[[ Extracted entries open ]]
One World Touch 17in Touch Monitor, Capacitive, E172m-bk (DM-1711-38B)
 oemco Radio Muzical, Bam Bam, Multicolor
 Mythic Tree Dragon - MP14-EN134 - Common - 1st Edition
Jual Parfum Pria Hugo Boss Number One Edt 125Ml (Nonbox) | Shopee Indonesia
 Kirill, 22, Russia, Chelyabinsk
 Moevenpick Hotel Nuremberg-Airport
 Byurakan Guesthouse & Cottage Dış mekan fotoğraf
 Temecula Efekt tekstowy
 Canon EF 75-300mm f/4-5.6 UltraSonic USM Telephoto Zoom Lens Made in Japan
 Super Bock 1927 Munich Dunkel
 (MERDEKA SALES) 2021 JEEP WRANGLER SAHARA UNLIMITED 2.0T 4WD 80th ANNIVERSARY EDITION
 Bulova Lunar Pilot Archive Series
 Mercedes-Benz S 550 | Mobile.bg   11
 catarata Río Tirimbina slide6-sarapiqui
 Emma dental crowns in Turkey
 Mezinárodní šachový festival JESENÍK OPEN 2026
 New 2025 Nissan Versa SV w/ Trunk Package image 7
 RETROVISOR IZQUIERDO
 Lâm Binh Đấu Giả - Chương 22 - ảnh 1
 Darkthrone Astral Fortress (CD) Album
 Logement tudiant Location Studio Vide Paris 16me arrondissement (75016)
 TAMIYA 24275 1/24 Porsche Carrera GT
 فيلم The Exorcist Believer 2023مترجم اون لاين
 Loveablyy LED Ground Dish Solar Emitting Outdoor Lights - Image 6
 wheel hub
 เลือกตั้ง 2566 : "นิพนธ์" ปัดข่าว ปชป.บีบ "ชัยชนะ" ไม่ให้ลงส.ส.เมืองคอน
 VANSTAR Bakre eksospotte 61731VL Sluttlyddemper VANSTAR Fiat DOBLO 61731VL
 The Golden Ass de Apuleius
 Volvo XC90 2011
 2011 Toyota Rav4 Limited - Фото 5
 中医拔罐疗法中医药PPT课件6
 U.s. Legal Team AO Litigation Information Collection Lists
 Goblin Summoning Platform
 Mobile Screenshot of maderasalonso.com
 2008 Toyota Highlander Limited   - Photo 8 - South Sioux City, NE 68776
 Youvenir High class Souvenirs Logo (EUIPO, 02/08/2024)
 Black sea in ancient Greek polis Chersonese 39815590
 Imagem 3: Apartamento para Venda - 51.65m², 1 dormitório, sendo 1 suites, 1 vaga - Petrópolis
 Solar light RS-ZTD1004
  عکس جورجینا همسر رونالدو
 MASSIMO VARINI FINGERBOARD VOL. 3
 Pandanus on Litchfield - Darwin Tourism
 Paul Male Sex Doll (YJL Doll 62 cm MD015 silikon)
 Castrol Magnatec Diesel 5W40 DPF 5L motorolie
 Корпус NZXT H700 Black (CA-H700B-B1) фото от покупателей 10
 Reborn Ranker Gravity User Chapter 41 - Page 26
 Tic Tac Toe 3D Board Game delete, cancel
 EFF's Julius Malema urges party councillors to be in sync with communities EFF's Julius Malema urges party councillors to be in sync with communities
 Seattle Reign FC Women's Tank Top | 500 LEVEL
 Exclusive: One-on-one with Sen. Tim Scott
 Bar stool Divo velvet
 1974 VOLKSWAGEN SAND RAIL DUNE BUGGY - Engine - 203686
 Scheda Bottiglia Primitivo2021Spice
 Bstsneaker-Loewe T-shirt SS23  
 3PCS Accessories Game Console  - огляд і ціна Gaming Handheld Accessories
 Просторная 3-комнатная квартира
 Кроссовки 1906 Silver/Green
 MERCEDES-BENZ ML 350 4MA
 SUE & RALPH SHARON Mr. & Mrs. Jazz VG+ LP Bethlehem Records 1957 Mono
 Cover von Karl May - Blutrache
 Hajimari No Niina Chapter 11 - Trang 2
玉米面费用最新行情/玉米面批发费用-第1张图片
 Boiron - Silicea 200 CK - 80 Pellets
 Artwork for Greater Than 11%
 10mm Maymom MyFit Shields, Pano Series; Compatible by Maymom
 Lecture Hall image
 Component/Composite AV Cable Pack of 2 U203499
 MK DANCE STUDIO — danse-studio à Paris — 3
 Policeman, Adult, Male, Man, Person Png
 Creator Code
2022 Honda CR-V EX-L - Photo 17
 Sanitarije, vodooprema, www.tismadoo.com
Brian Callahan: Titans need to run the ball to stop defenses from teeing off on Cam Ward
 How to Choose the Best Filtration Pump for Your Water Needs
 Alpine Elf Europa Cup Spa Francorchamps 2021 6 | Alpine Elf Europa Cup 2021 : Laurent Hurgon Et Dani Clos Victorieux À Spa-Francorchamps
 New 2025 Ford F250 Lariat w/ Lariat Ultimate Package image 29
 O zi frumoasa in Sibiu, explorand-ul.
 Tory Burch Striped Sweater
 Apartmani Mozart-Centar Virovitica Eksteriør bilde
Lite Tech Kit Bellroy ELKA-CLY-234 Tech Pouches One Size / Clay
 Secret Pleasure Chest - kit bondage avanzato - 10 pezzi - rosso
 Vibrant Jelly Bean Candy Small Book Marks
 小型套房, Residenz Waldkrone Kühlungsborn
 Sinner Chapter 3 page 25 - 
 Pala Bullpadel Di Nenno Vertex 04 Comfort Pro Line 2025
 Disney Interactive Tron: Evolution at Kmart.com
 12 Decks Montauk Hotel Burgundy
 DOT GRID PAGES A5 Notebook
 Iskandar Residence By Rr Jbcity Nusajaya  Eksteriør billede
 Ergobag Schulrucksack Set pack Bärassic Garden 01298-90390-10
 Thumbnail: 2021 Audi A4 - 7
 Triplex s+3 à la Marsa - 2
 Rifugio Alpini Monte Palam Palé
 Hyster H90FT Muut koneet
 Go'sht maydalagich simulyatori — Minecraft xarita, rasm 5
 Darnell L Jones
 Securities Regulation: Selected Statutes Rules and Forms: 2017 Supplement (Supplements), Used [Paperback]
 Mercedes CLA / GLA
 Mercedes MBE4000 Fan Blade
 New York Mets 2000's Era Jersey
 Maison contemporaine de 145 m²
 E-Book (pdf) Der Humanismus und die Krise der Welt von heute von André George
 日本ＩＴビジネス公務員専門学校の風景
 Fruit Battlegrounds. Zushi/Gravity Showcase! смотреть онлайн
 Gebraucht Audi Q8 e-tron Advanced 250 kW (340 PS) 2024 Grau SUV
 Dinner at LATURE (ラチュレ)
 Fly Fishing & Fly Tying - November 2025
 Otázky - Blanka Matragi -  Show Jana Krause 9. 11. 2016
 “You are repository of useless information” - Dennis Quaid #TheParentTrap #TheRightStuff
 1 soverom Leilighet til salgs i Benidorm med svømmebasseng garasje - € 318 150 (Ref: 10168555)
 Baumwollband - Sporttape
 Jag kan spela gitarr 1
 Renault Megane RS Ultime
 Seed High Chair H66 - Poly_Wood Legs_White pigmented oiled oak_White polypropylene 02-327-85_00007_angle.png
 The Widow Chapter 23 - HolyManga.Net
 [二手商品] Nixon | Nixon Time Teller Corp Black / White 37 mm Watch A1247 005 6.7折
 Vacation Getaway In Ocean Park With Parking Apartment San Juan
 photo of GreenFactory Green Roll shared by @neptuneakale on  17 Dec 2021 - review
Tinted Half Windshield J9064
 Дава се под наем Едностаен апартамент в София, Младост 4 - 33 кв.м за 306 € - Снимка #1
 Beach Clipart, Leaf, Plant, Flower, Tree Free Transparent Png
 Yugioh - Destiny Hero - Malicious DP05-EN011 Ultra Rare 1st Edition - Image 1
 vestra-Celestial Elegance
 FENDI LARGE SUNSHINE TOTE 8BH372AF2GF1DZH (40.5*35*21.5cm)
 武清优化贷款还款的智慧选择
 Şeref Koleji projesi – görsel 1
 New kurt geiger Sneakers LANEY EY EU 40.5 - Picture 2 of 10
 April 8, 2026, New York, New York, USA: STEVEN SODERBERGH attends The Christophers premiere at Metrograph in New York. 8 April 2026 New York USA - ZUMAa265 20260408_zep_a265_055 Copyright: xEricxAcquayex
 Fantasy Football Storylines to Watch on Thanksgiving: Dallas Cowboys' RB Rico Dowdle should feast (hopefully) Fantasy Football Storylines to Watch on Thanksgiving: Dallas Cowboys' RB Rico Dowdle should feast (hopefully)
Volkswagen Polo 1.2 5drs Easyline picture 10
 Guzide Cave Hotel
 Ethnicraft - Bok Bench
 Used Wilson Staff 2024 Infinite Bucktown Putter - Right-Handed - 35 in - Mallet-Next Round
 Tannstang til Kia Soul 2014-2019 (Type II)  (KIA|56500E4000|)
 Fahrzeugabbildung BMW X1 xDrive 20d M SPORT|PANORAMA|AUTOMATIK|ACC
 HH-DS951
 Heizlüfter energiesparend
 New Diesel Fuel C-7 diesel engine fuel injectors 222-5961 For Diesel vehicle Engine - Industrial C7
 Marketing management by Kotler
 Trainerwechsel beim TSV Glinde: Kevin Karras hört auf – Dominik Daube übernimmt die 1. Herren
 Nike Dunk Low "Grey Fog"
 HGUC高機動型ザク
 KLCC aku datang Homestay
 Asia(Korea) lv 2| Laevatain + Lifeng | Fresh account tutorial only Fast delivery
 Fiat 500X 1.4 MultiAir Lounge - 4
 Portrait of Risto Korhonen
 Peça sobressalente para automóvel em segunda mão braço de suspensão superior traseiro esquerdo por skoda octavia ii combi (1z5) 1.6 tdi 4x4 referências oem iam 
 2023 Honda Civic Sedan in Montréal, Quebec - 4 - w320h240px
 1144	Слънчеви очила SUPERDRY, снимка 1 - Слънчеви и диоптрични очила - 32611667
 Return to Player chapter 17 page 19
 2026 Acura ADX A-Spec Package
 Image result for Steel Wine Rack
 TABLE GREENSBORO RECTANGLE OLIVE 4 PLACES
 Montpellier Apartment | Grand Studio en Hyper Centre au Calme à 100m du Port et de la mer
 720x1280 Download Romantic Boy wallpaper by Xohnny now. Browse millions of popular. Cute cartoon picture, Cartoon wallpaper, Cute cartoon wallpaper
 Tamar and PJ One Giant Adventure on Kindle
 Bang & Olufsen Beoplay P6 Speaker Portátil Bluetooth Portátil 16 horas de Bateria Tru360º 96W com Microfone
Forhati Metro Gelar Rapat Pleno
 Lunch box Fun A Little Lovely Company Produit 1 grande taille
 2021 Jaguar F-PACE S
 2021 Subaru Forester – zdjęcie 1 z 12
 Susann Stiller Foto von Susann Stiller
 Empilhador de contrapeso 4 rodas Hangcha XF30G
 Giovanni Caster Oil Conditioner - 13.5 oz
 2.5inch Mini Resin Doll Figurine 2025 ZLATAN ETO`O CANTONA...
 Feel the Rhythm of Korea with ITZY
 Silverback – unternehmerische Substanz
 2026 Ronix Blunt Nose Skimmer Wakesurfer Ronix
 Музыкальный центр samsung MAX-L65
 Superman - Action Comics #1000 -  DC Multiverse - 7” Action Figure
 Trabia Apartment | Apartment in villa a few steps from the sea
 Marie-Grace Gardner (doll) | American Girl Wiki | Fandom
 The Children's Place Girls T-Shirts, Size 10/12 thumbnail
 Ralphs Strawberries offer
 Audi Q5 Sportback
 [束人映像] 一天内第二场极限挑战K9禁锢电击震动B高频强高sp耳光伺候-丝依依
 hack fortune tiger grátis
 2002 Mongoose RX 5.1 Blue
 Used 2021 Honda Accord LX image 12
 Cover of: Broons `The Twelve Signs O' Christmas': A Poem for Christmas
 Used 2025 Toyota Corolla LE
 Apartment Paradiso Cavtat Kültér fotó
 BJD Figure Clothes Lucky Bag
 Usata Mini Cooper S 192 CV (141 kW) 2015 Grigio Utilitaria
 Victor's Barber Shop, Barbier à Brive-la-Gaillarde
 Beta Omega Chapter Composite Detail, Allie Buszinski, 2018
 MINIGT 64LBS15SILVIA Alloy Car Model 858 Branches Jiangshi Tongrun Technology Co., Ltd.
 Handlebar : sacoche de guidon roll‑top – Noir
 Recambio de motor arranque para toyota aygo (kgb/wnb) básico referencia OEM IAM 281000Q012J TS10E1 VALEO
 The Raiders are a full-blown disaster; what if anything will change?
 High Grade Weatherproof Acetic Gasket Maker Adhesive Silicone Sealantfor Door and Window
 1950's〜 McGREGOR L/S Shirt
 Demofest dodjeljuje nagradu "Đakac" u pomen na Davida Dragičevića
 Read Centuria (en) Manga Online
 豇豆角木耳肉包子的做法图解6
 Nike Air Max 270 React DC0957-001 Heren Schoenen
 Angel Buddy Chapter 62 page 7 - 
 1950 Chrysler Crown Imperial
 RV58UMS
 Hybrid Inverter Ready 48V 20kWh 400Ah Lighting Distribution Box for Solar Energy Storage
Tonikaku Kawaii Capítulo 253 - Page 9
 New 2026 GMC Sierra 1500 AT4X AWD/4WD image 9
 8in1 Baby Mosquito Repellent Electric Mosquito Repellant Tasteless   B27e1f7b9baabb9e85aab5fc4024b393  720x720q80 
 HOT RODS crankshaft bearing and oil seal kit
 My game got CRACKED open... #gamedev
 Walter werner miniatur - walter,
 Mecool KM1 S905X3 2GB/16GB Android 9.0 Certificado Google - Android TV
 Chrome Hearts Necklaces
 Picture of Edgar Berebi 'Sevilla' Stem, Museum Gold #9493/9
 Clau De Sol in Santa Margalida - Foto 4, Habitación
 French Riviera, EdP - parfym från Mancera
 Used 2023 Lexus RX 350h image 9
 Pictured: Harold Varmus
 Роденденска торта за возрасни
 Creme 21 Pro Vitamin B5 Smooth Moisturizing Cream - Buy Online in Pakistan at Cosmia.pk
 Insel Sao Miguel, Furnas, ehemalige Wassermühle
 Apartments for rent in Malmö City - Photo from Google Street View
[[ Extracted entries closed ]]
● Exercise objective: For the word "Google", find all matching lines in the entries above and copy them out.

● Exercise output:
 Mecool KM1 S905X3 2GB/16GB Android 9.0 Certificado Google - Android TV
 Apartments for rent in Malmö City - Photo from Google Street View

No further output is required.